# exo terra analogue hygrometer Rant



## joe1981 (Dec 14, 2012)

Being new to keeping reptiles i decided to stick with a well known brand in this case exo terra for keeping an eye on humidity and temperature in my crestie tank. I purchased both the hygrometer and thermometer dial set and was a little shocked to see how inaccurate they actually are.
Luckily i work for a test and measurement company that make some of the best temperature and humidity sensors on the market. So out of curiosity i tested the humidity of my tank with a Comark RF instrument before and after misting my tank. 
The exo terra measured 45-50 and the RF instrument measure 75 after misting and the exo terra registered 40-45 with the Comark RF reading 65-70. 
The Comark unit came straight from Calibration to UKAS standards and accurate to some crazy figure. I spoke with exo terra and the unit was replaced which didn't correct the error in reading.
I was aiming to keep humidity around 70 using the exo terra hygrometer for reading i shudder to think what it actually was.
The digital ones are much, much better but it was very dissapointing to see such a massive error in the readings but most importantly my little dudes seem to be fine and i now have the tank perfectly setup for them.
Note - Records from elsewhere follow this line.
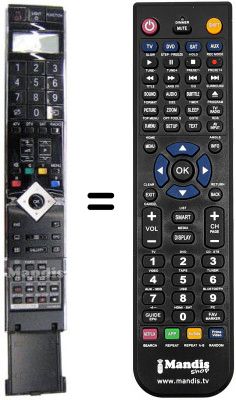 Replacement remote control Sharp LC 65 XS1E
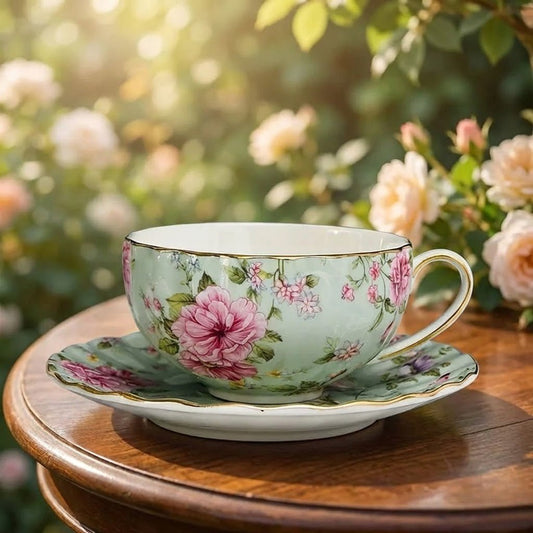 The Southern Atelier – Elegant Floral Tea Cup Set for Sophisticated Gatherings with Timeless Charm - The Southern AtelierSKU_1767876345306_740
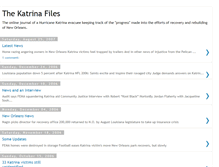 Tablet Screenshot of katrina-files.blogspot.com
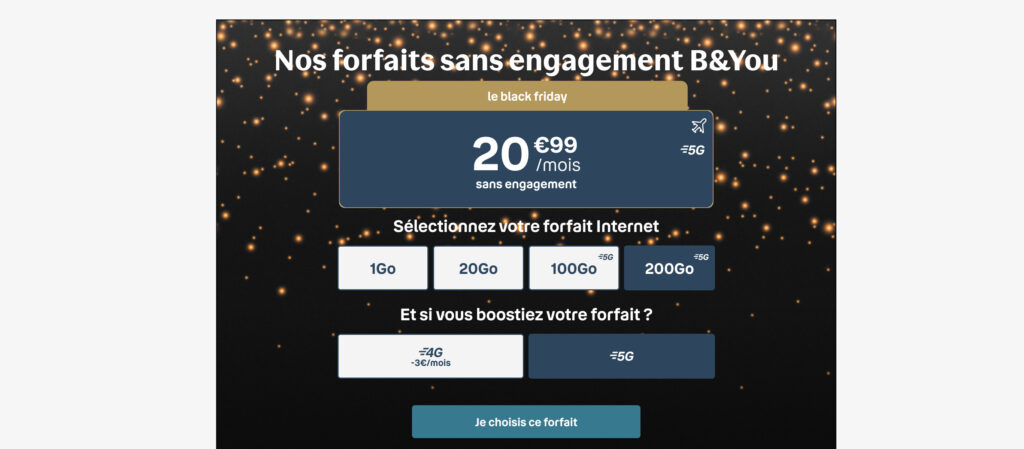 Forfait Bouygues 5G Black Friday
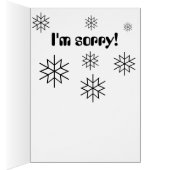 Snowguy "SNOWBODY VERVOLLKOMMNEN" es tut mir leid (Innen (Rechts))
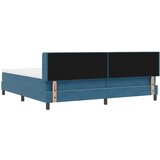  Krevet s opruga kutije Tamno plava 200 x 200 cm Baršun | shoptok.hr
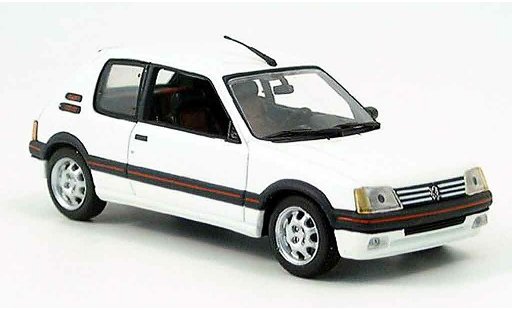 Peugeot 205 GTI 1/43 Minichamps 1.9 Blanc Meije 1990 coche miniatura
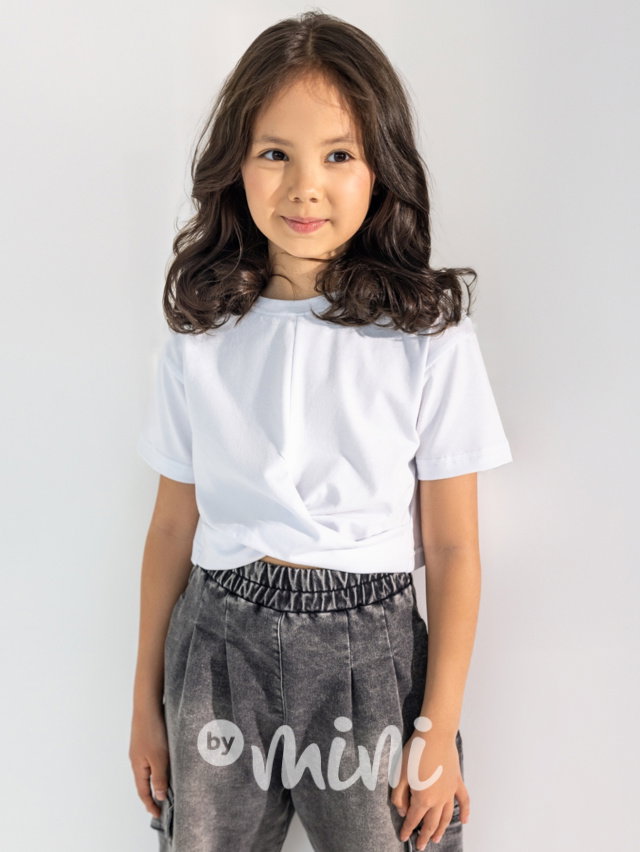 All for kids twist crop triko white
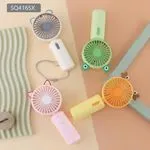 Mini Wiatrak Elektryczny Ręczny Zwierzątka, Mix Kolorów, 6 szt.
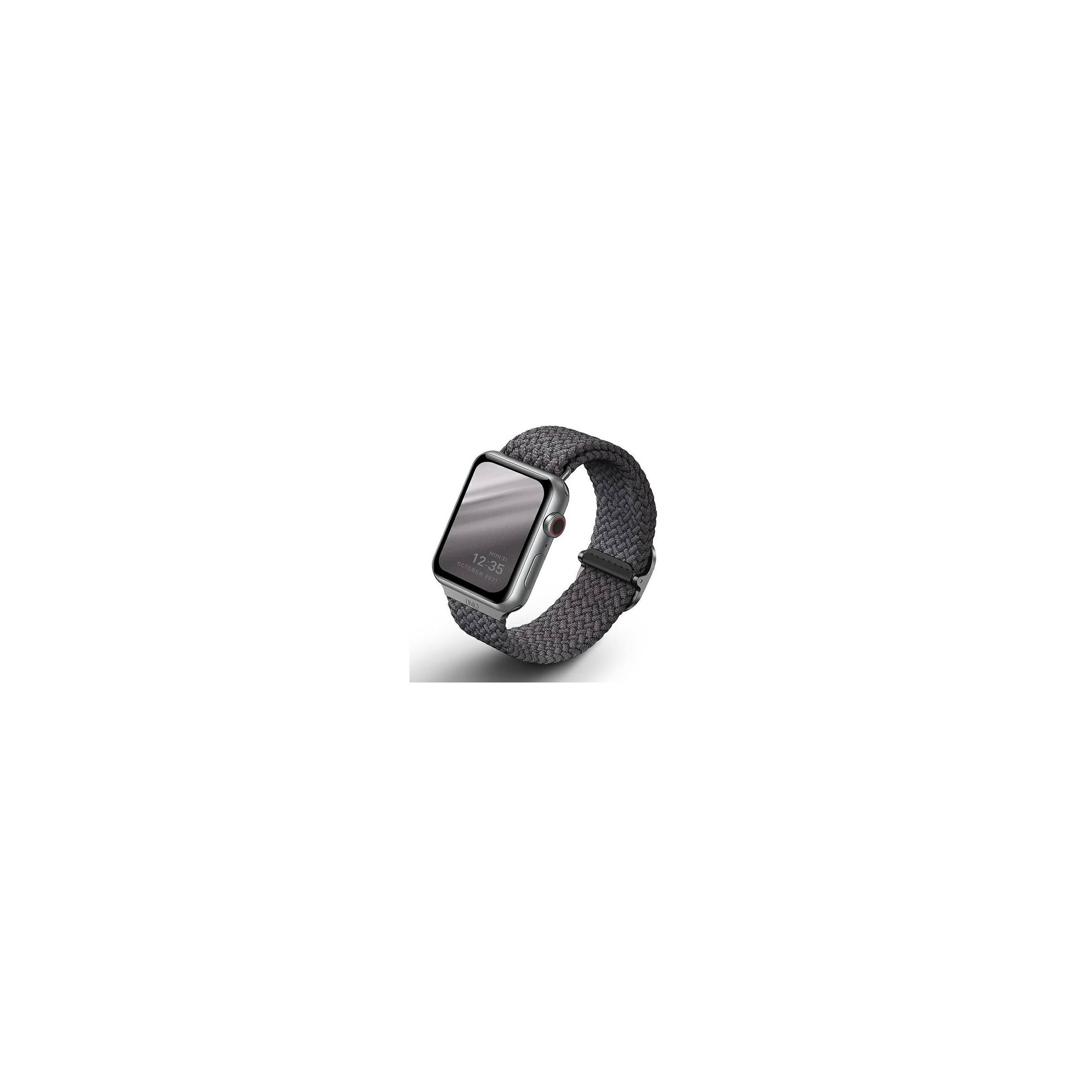 UNIQ Aspen Apple Watch flettet stropp 38/40/41/42mm – Koksgrå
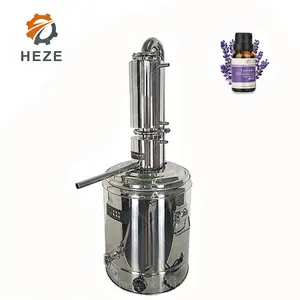 Accueil Encens Citron Huile Essentielle Distillation Extraction Machine Équipement Alembic Distiller Pour Huile Essentielle 20l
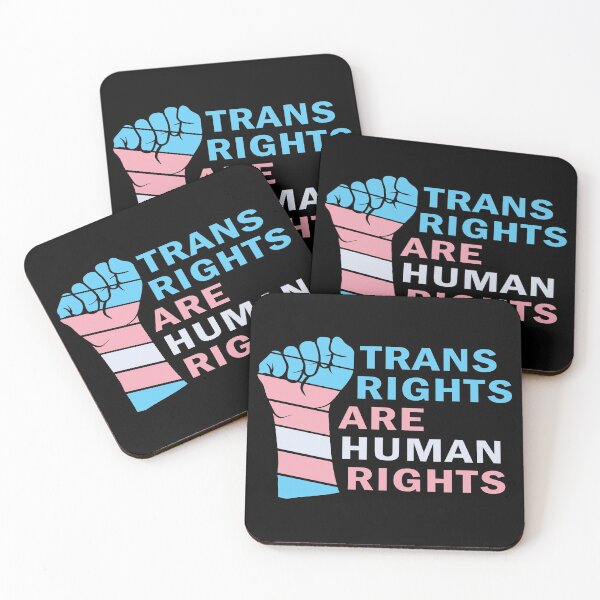 Item preview, TRANS RIGHTS  ARE HUMAN RIGHTS  designed and sold by DiscoVibes.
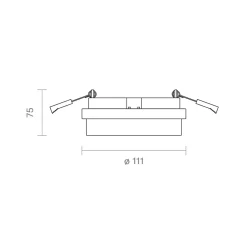 Sale Nivo LED Decken-Einbauleuchte, schwenkbar, Ø: 11,1 cm Museen/Showrooms|Strahler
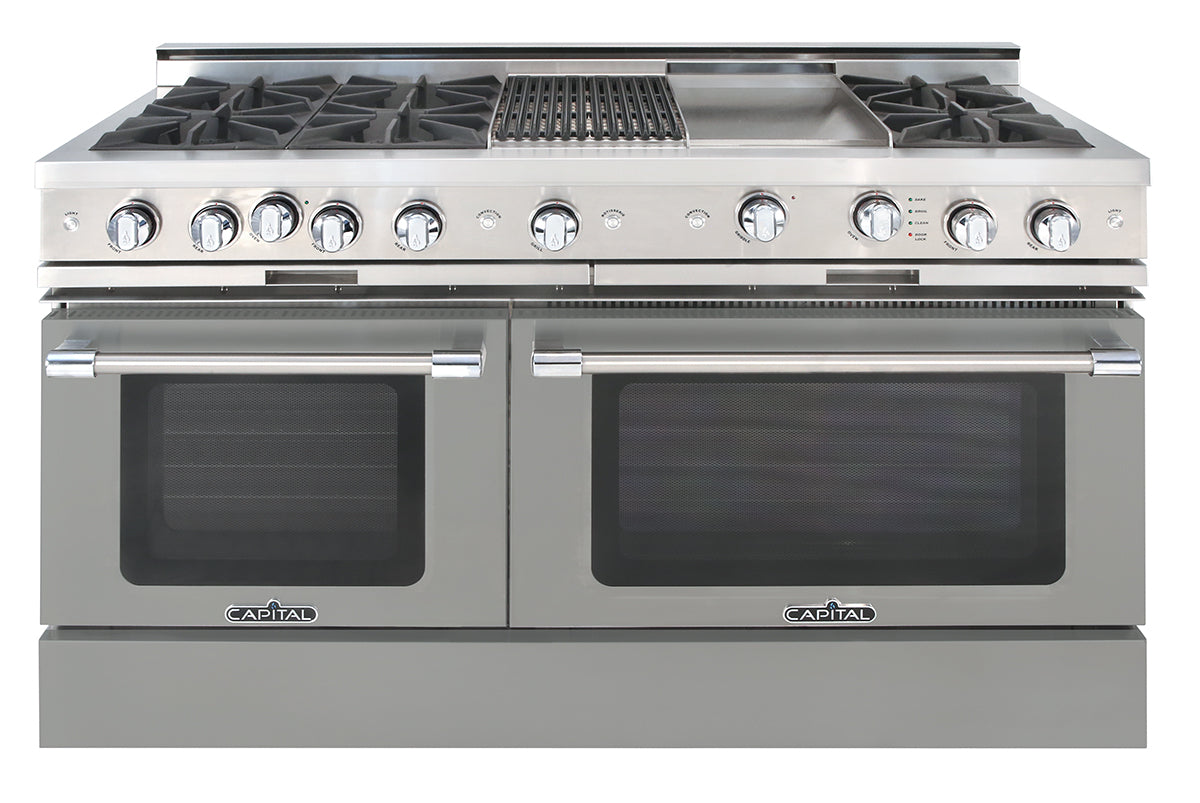 Capital Grand Chef 60" Dual Fuel Range with 6 Open Burners, Grill and Griddle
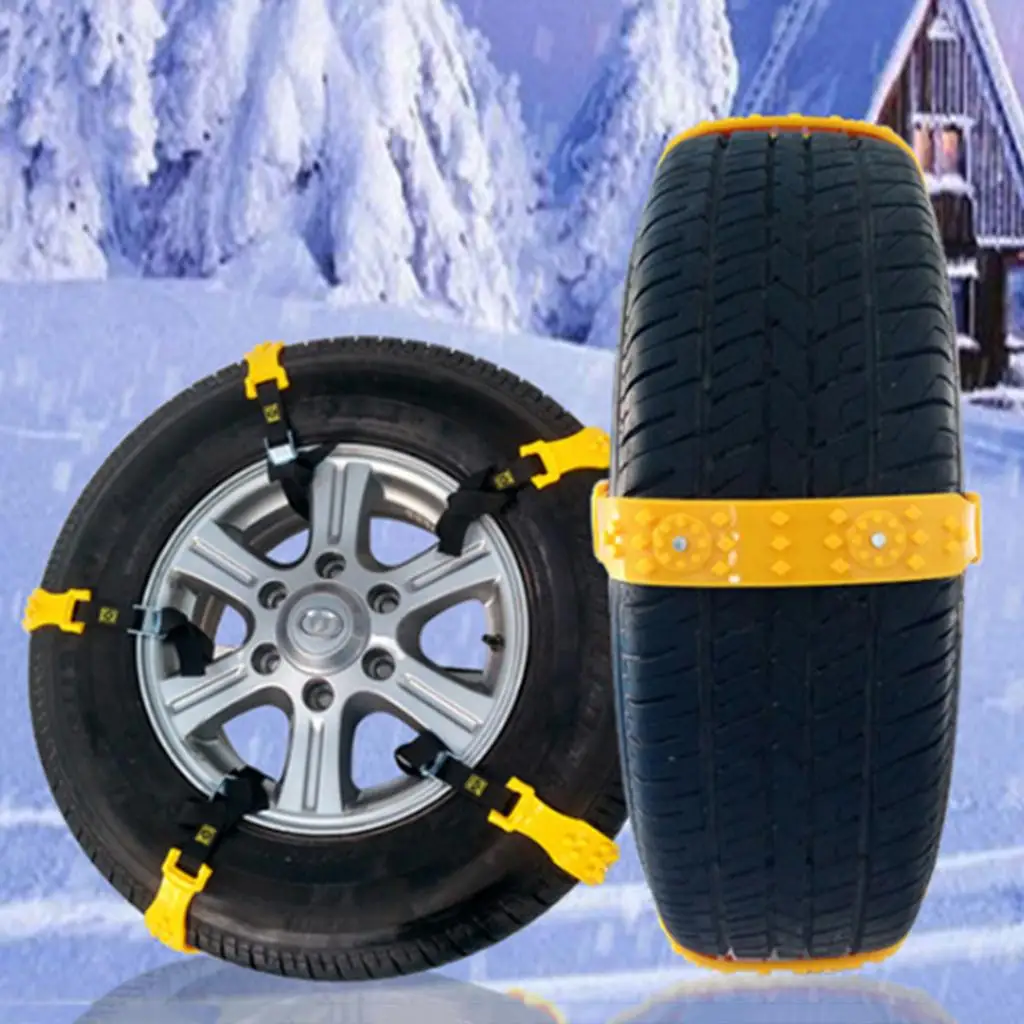 10 Pack Car Tyre Winter Snow Adjustable Anti-skid  Rubber Chains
I use a Comark RF500 probes that log the temperature, humidity etc 24/7 complete overkill but atleast i know my Cresties are in a well kept setup.


----------



## JonnyFrilledDragonLawson (Oct 26, 2012)

how much are those comark ones?


----------



## LFBP-NEIL (Apr 23, 2005)

In fairness the Exo ones are usually close enough, its probably a bit unfair comparing a £2.99 stick on humidity gauge made in china to a scientific instrument costing hundreds of pounds.


----------



## joe1981 (Dec 14, 2012)

LFBP-NEIL said:


> In fairness the Exo ones are usually close enough, its probably a bit unfair comparing a £2.99 stick on humidity gauge made in china to a scientific instrument costing hundreds of pounds.


I agree I was shocked at how inaccurate they were though. The normal digital ones seem pretty good but as a new keeper it's very dissapointing.

You could look at 
Part Number N2013 (Temp/RH) total overkill unless you could grab one on eBay cheap.


----------



## powerkiter (Sep 29, 2012)

Dial thermometers and hygrometers = shyte


----------